In the recent years, law schools have been looking at ways to improve education for their students in areas beyond legal analysis. Law Professor Anthony Luppino of University of Missouri researched and wrote an excellent report to the Kauffman Foundation outlining the ways that law schools can better train lawyers to be effective counselors to entrepreneurs (Can Do: Training Lawyers to Be Effective Counselors to Entrepreneurs). The report is excellent and outlined ways to best teach students how to serve their entrepreneurial clients. Professor Luppino found that many law school clinics were at the forefront of this movement, teaching students how to structure start-up companies, negotiate and draft VC and funding “deals”, protect IP and work with their clients and other experts to develop the best start up teams and processes. The clinics focused on teaching both substantive law and new legal skills. He concluded:
- Many law schools now have courses on “doing deals” that necessitate attention to practice skills beyond the mere ability to spot and analyze legal issues.
- Faculty at several U.S. law schools have adopted a “just do it” approach and made forays into truly interdisciplinary courses and programs with business, engineering and other schools and, to some extent, campus-wide initiatives.
- While inquiries just a few years ago revealed that law students were rarely involved in business planning competitions, a mainstay of many entrepreneurship programs research for this project, now shows more instances of law students entering such competitions in teams with students from other disciplines, or even on their own.
These clinics provide valuable skills to students, but they are not enough.
Law Students, and Lawyers, Need to become Innovative and Entrepreneurial.
In Silicon Valley, where I work and teach, not only have law firms learned to effectively advise entrepreneurial start-ups and serve the needs of the most innovative international corporations (Apple, Google, Intel, which demand innovative lawyering services), the law firms themselves are following the lead of their clients and becoming themselves inventive and entrepreneurial. They are emphasizing change, new forms of team work, cross functional consulting with engineers and with their corporate clients at all levels of the organization. What are they doing?
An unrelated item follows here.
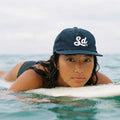 Person wearing a navy cap with 'La' logo, lying on a surfboard in the water.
They are meeting the needs of their clients in new ways, with fresh ideas, relying upon novel and different team processes while improving the customer interface and experience. If they want the next piece of business they need to provide the highest level of substantive expertise, work product and a collaborative process while at the same time providing world class customer satisfaction. And, they need to deliver these services at a competitive price point. They are doing what all entrepreneurs do, developing new and innovative forms of services that meet the needs of their demanding clients in a cost effective way.
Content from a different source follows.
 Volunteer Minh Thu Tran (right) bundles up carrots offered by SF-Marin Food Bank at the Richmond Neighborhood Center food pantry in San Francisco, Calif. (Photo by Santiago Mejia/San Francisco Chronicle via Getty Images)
To succeed, law students, lawyers, law firms and even corporate and government law departments, need to focus on innovation. We need to upgrade our skill sets, learn about innovation and design, team work, collaboration and improve our communication skills. As Dan Pink, a lawyer turned entrepreneur and business thought leader, says “The future belongs to a different kind of person,”. “Designers, inventors, teachers, storytellers — creative and empathetic right-brain thinkers whose abilities mark the fault line between who gets ahead and who doesn’t.”